*WHAT THIS TASK INVOLVES:*
Leave the images behind and copy every record exactly.

*Short web captions:*
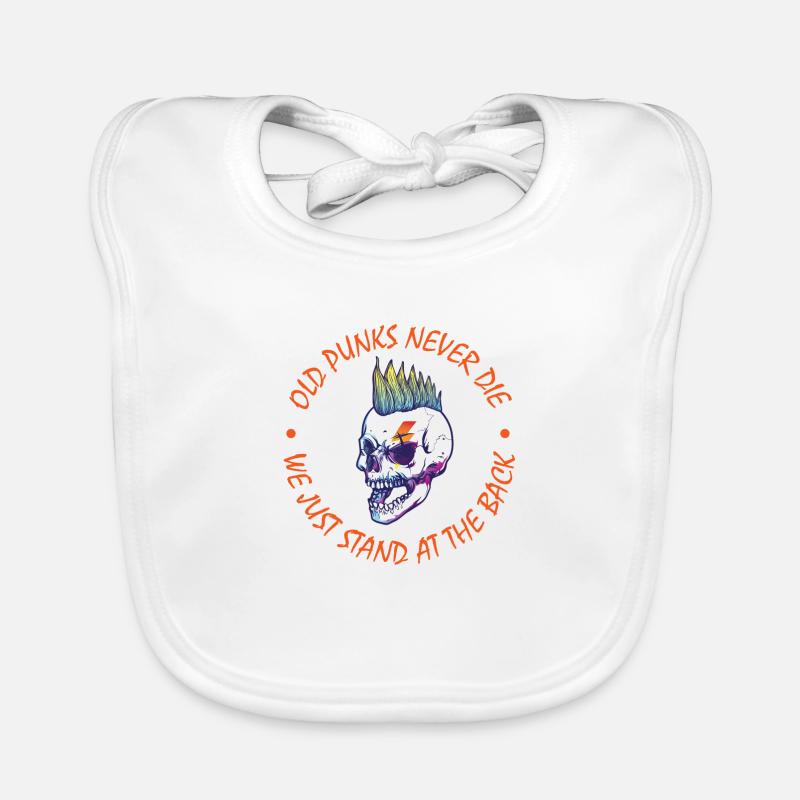 Old Punks never Die Punk Rock Punker Punks Geschen Organic Baby Bibs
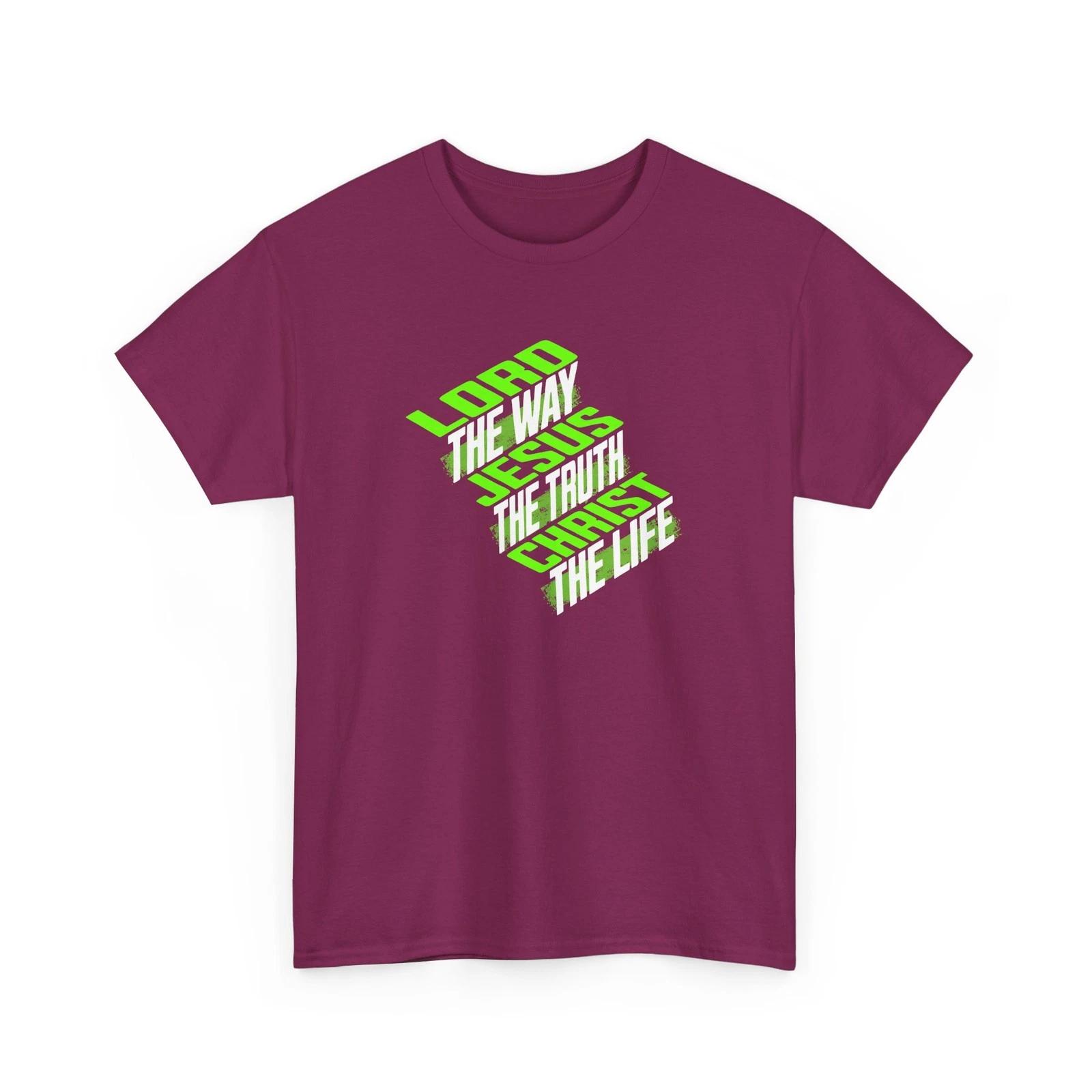 The Way The Truth The Life - Lord Jesus Christ Christian Bible Verse T-Shirt L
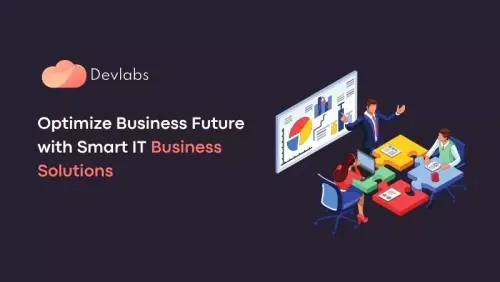 Optimize Business Future with Smart IT Business Solutions.webp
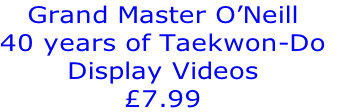 Grand Master O’Neill 
40 years of Taekwon-Do
Display Videos
£7.99
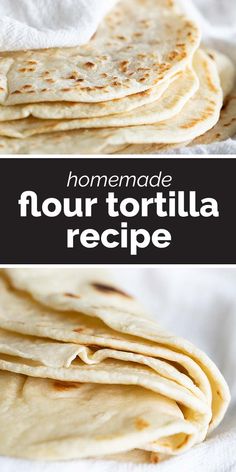 homemade flour tortilla recipe with text overlay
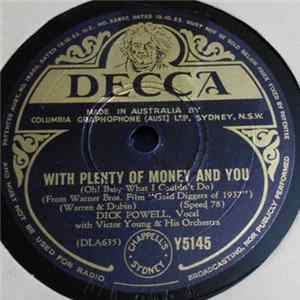 Dick Powell - With Plenty Of Money And You / All's Fair In Love And War FLAC album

*REPLY:*
 Old Punks never Die Punk Rock Punker Punks Geschen Organic Baby Bibs
 The Way The Truth The Life - Lord Jesus Christ Christian Bible Verse T-Shirt L
 Optimize Business Future with Smart IT Business Solutions.webp
 Grand Master O’Neill 
40 years of Taekwon-Do
Display Videos
£7.99
 homemade flour tortilla recipe with text overlay
 Dick Powell - With Plenty Of Money And You / All's Fair In Love And War FLAC album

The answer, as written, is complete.